Alibaba removes paywall at SCMP.com

E-commerce giant Alibaba (NYSE: BABA) is in the headlines as it wraps up its landmark purchase of Hong Kong’s leading English language newspaper, announcing it will formally remove the paywall on the South China Morning Post’s (SCMP) website as its first major strategic move. In a completely separate headline, Alibaba has also named a new head for its international public relations team, replacing a heavy-hitter it hired less than 2 years ago in the run-up to its record-breaking New York IPO.

Both of these moves reflect the rapid changes taking place not only at Alibaba, but also in the traditional media realm where the SCMP operates. Traditional newspapers like the SCMP are looking desperately for new revenue sources as they get abandoned by their traditional advertisers and subscribers who are flocking to the Internet.

Some like the SCMP have tried charging fees for access to their websites, but have found limited success due to resistance from consumers accustomed to getting their news for free. Meantime, the change at the top of Alibaba’s global PR machine reflects the company’s global aspirations, and also the high pressure that comes with a job leading the communications strategy for such a high-profile name.

We’ll begin with the SCMP website shift, which came with the concurrent announcement that Alibaba has formally closed its purchase of a company that owns one of Asia’s oldest and most influential English-language newspapers. (English article; Chinese article) Alibaba surprised many when it announced its plans to buy the SCMP last year, due to its relative lack of history in the traditional media sector.

Some also feared the SCMP could lose its editorial independence with its purchase by a mainland Chinese buyer, and others worried that Alibaba might try to turn the newspaper and its website into promotional vehicles for the company.  It’s still too early to say if any of those fears are being realized, and Alibaba’s removal of the paywall from the SCMP’s website doesn’t really hint at any major editorial changes just yet.
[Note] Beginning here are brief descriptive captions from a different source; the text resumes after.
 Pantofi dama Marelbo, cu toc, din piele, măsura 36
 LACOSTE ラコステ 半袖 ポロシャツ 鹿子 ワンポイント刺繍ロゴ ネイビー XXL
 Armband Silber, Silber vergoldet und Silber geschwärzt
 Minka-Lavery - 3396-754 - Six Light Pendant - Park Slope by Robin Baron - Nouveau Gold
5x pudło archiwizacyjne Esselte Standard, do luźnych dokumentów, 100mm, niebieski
Blow to Subscription Model

Instead, the removal of the paywall seems to be a relatively big blow against traditional media companies that were hoping to survive in the future using web-based subscription services. The move also seems to show that Alibaba is willing to let SCMP ultimately slip into the red, though it’s possible it could make up for lost online subscription revenue with new advertising sales that will come with increased online readership.
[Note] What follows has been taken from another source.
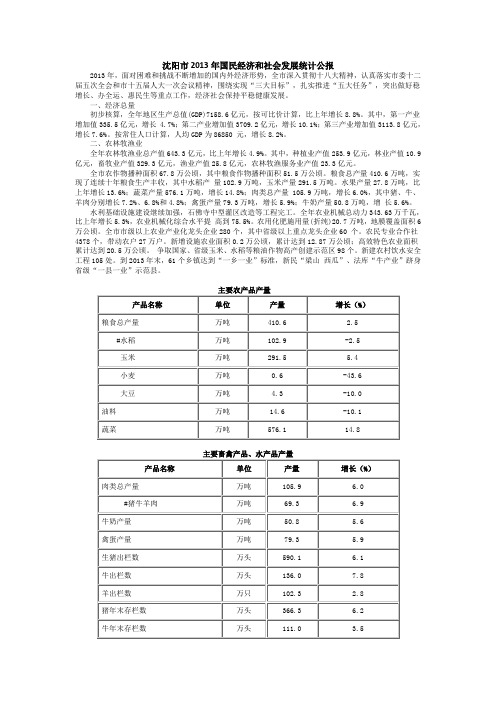 沈阳市2013年国民经济和社会发展统计公报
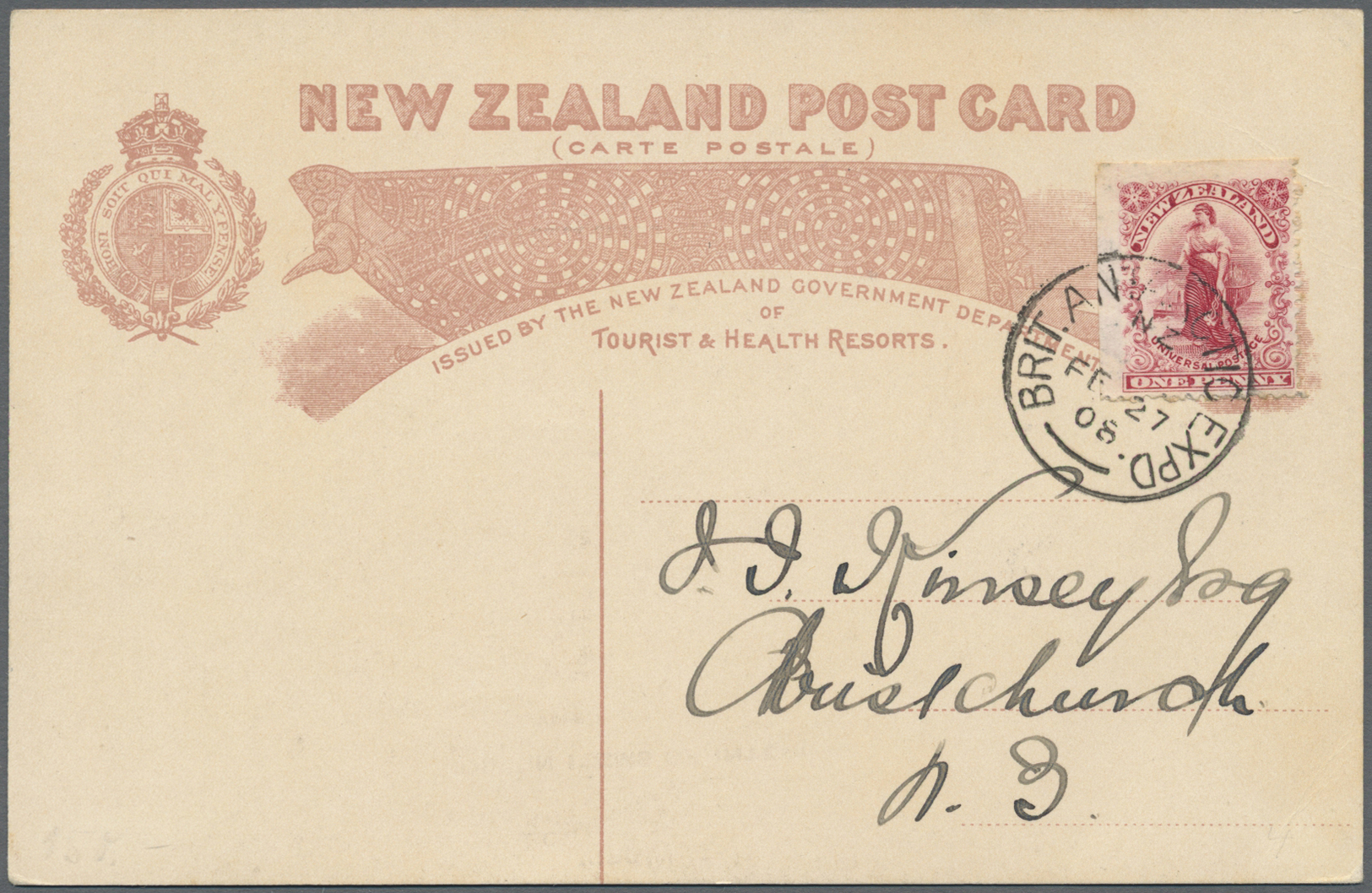 Br Thematik: Antarktis / Antarctic: 1908, New Zealand. Postmark "BRIT. ANTARCTIC EXPD. FE 27 08" On Addressed Picture Po - Other & Unclassified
My expectation is that Alibaba may have never intended the SCMP to be a profit-making machine by itself. Instead founder Jack Ma may see the newspaper and its website as a complementary piece to his bigger dream of wringing more news from the big data that the SCMP and e-commerce companies like Alibaba generate. Alibaba has already taken some steps to try and make better use of such data for news-generating purposes with its formation of a financial news joint venture with Shanghai Media Group (SMG) last year.

Next there’s the PR announcement, which has Alibaba naming a new executive, Jennifer Kuperman, as its international head of corporate communications, reporting directly to executive vice chairman Joe Tsai. (company announcement; Chinese article) This particular move surprised me a bit, as it comes less than 2 years after Alibaba appointed another high-profile westerner, Jim Wilkinson, to the same position.
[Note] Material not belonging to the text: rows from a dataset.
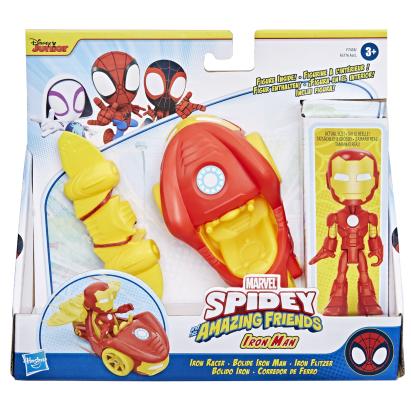 Set Spidey și Prietenii Extraordinari cu mașinuță, figurină și accesoriu Iron Man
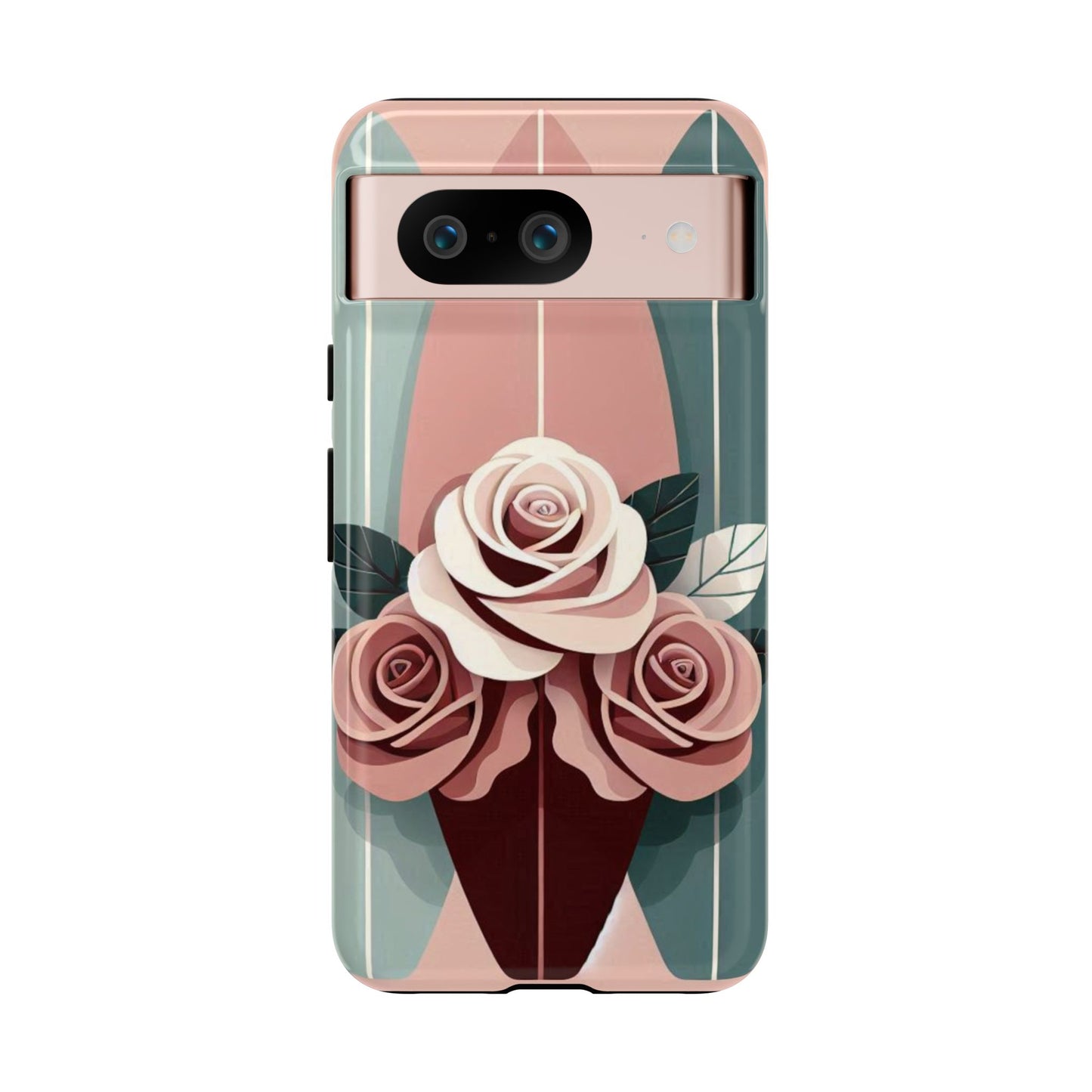Phone Case - Burgundy, Matte Mauve & Teal Surfboard & Roses Design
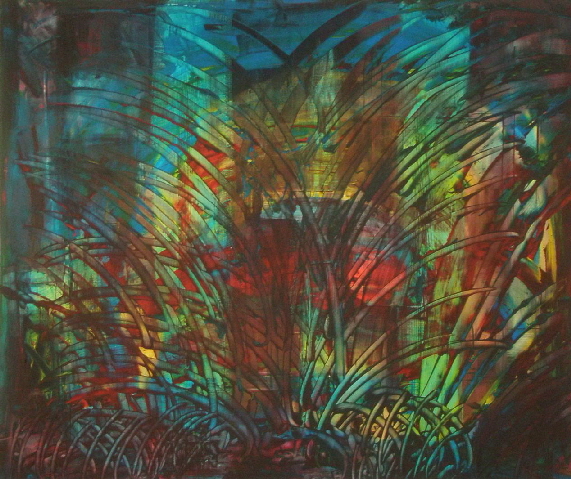  RAIN>FOREST - 11 - big night - Acryl auf Lwd - 2025 - 100 x 120 cm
Both Wilkison and now Kuperman represent a new generation of highly professional, experienced western executives that Alibaba began recruiting in the run-up to its record-breaking $25 billion New York IPO in 2014. Those executives were a major force behind the IPO’s success, which saw Alibaba’s stock soar in its first few months of trading.

But the team has had to deal with some less appealing work since then. First it had to handle a major clash with China’s e-commerce regulator over pirated goods being sold on Alibaba’s popular Taobao site in early 2015. Later in the year it also had to mount a major campaign to avoid similar criticism in an annual “notorious” piracy report published by the US government.

Alibaba says in its latest announcement that Wilkinson is leaving to start an unspecified new entrepreneurial venture. Perhaps that’s true. But I also expect that Wilkinson has been quite busy these past 2 years, and is probably ready for a lower-pressure challenge that involves something not only new but also lower profile and less likely to attract controversy.